──────── DATASET RECORDS

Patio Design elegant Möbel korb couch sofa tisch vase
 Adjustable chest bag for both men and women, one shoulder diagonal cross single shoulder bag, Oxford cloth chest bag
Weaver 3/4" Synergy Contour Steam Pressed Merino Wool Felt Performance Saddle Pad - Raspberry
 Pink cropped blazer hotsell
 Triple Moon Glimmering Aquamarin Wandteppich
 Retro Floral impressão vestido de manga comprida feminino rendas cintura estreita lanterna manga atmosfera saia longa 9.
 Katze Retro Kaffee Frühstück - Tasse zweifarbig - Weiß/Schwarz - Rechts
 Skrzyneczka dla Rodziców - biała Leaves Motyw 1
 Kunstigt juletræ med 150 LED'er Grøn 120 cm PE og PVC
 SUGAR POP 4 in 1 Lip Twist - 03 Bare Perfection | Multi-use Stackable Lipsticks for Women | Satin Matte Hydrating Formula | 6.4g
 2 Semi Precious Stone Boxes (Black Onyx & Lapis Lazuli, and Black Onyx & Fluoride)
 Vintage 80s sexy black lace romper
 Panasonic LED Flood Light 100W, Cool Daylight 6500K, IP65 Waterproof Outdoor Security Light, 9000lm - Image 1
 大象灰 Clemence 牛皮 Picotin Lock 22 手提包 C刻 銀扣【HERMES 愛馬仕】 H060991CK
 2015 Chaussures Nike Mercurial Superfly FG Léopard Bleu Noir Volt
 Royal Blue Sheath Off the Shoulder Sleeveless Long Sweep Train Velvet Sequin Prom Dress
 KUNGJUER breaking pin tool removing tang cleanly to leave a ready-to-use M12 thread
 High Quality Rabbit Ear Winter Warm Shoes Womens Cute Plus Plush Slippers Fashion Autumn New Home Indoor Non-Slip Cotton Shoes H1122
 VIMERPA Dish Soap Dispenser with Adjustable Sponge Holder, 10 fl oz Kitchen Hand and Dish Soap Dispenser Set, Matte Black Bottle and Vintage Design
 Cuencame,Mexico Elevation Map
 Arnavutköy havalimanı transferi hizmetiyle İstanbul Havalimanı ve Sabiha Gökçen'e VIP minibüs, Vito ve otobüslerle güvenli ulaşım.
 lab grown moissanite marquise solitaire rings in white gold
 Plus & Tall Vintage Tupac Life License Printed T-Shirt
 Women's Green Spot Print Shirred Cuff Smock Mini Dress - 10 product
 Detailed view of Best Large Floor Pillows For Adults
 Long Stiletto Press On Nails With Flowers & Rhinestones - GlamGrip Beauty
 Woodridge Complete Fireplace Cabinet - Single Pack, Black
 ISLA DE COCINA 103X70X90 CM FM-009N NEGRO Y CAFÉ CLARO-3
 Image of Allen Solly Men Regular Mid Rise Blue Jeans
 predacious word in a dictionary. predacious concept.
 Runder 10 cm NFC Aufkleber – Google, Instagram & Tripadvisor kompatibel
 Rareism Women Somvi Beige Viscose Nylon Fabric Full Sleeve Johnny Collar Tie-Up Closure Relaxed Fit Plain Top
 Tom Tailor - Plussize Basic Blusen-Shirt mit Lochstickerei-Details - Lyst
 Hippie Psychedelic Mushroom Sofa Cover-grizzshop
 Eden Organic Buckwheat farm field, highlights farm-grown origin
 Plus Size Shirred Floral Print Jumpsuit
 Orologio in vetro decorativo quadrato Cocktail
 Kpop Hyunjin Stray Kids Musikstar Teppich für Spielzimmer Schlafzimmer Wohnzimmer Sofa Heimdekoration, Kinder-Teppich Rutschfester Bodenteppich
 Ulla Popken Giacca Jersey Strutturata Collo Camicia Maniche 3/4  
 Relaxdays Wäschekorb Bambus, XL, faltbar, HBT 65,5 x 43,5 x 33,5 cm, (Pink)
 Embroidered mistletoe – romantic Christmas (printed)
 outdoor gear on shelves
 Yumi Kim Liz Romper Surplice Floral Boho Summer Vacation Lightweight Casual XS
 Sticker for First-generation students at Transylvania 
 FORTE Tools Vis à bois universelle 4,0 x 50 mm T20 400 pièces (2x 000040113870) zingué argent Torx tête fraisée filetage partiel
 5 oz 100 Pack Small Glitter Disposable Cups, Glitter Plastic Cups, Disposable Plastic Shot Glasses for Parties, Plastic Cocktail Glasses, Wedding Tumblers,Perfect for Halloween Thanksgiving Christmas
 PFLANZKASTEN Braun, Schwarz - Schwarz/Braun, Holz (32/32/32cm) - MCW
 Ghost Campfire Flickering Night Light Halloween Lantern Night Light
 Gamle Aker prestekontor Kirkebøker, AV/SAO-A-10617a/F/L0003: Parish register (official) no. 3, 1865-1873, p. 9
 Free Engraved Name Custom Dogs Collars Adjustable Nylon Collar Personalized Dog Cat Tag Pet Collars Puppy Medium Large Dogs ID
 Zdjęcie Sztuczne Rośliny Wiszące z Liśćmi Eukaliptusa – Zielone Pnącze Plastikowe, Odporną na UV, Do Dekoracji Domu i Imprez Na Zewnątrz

────────────────

• _WORK REQUIRED_
Return the entries above exactly, each one complete.

• _SOLUTION_
Patio Design elegant Möbel korb couch sofa tisch vase
 Adjustable chest bag for both men and women, one shoulder diagonal cross single shoulder bag, Oxford cloth chest bag
Weaver 3/4" Synergy Contour Steam Pressed Merino Wool Felt Performance Saddle Pad - Raspberry
 Pink cropped blazer hotsell
 Triple Moon Glimmering Aquamarin Wandteppich
 Retro Floral impressão vestido de manga comprida feminino rendas cintura estreita lanterna manga atmosfera saia longa 9.
 Katze Retro Kaffee Frühstück - Tasse zweifarbig - Weiß/Schwarz - Rechts
 Skrzyneczka dla Rodziców - biała Leaves Motyw 1
 Kunstigt juletræ med 150 LED'er Grøn 120 cm PE og PVC
 SUGAR POP 4 in 1 Lip Twist - 03 Bare Perfection | Multi-use Stackable Lipsticks for Women | Satin Matte Hydrating Formula | 6.4g
 2 Semi Precious Stone Boxes (Black Onyx & Lapis Lazuli, and Black Onyx & Fluoride)
 Vintage 80s sexy black lace romper
 Panasonic LED Flood Light 100W, Cool Daylight 6500K, IP65 Waterproof Outdoor Security Light, 9000lm - Image 1
 大象灰 Clemence 牛皮 Picotin Lock 22 手提包 C刻 銀扣【HERMES 愛馬仕】 H060991CK
 2015 Chaussures Nike Mercurial Superfly FG Léopard Bleu Noir Volt
 Royal Blue Sheath Off the Shoulder Sleeveless Long Sweep Train Velvet Sequin Prom Dress
 KUNGJUER breaking pin tool removing tang cleanly to leave a ready-to-use M12 thread
 High Quality Rabbit Ear Winter Warm Shoes Womens Cute Plus Plush Slippers Fashion Autumn New Home Indoor Non-Slip Cotton Shoes H1122
 VIMERPA Dish Soap Dispenser with Adjustable Sponge Holder, 10 fl oz Kitchen Hand and Dish Soap Dispenser Set, Matte Black Bottle and Vintage Design
 Cuencame,Mexico Elevation Map
 Arnavutköy havalimanı transferi hizmetiyle İstanbul Havalimanı ve Sabiha Gökçen'e VIP minibüs, Vito ve otobüslerle güvenli ulaşım.
 lab grown moissanite marquise solitaire rings in white gold
 Plus & Tall Vintage Tupac Life License Printed T-Shirt
 Women's Green Spot Print Shirred Cuff Smock Mini Dress - 10 product
 Detailed view of Best Large Floor Pillows For Adults
 Long Stiletto Press On Nails With Flowers & Rhinestones - GlamGrip Beauty
 Woodridge Complete Fireplace Cabinet - Single Pack, Black
 ISLA DE COCINA 103X70X90 CM FM-009N NEGRO Y CAFÉ CLARO-3
 Image of Allen Solly Men Regular Mid Rise Blue Jeans
 predacious word in a dictionary. predacious concept.
 Runder 10 cm NFC Aufkleber – Google, Instagram & Tripadvisor kompatibel
 Rareism Women Somvi Beige Viscose Nylon Fabric Full Sleeve Johnny Collar Tie-Up Closure Relaxed Fit Plain Top
 Tom Tailor - Plussize Basic Blusen-Shirt mit Lochstickerei-Details - Lyst
 Hippie Psychedelic Mushroom Sofa Cover-grizzshop
 Eden Organic Buckwheat farm field, highlights farm-grown origin
 Plus Size Shirred Floral Print Jumpsuit
 Orologio in vetro decorativo quadrato Cocktail
 Kpop Hyunjin Stray Kids Musikstar Teppich für Spielzimmer Schlafzimmer Wohnzimmer Sofa Heimdekoration, Kinder-Teppich Rutschfester Bodenteppich
 Ulla Popken Giacca Jersey Strutturata Collo Camicia Maniche 3/4  
 Relaxdays Wäschekorb Bambus, XL, faltbar, HBT 65,5 x 43,5 x 33,5 cm, (Pink)
 Embroidered mistletoe – romantic Christmas (printed)
 outdoor gear on shelves
 Yumi Kim Liz Romper Surplice Floral Boho Summer Vacation Lightweight Casual XS
 Sticker for First-generation students at Transylvania 
 FORTE Tools Vis à bois universelle 4,0 x 50 mm T20 400 pièces (2x 000040113870) zingué argent Torx tête fraisée filetage partiel
 5 oz 100 Pack Small Glitter Disposable Cups, Glitter Plastic Cups, Disposable Plastic Shot Glasses for Parties, Plastic Cocktail Glasses, Wedding Tumblers,Perfect for Halloween Thanksgiving Christmas
 PFLANZKASTEN Braun, Schwarz - Schwarz/Braun, Holz (32/32/32cm) - MCW
 Ghost Campfire Flickering Night Light Halloween Lantern Night Light
 Gamle Aker prestekontor Kirkebøker, AV/SAO-A-10617a/F/L0003: Parish register (official) no. 3, 1865-1873, p. 9
 Free Engraved Name Custom Dogs Collars Adjustable Nylon Collar Personalized Dog Cat Tag Pet Collars Puppy Medium Large Dogs ID
 Zdjęcie Sztuczne Rośliny Wiszące z Liśćmi Eukaliptusa – Zielone Pnącze Plastikowe, Odporną na UV, Do Dekoracji Domu i Imprez Na Zewnątrz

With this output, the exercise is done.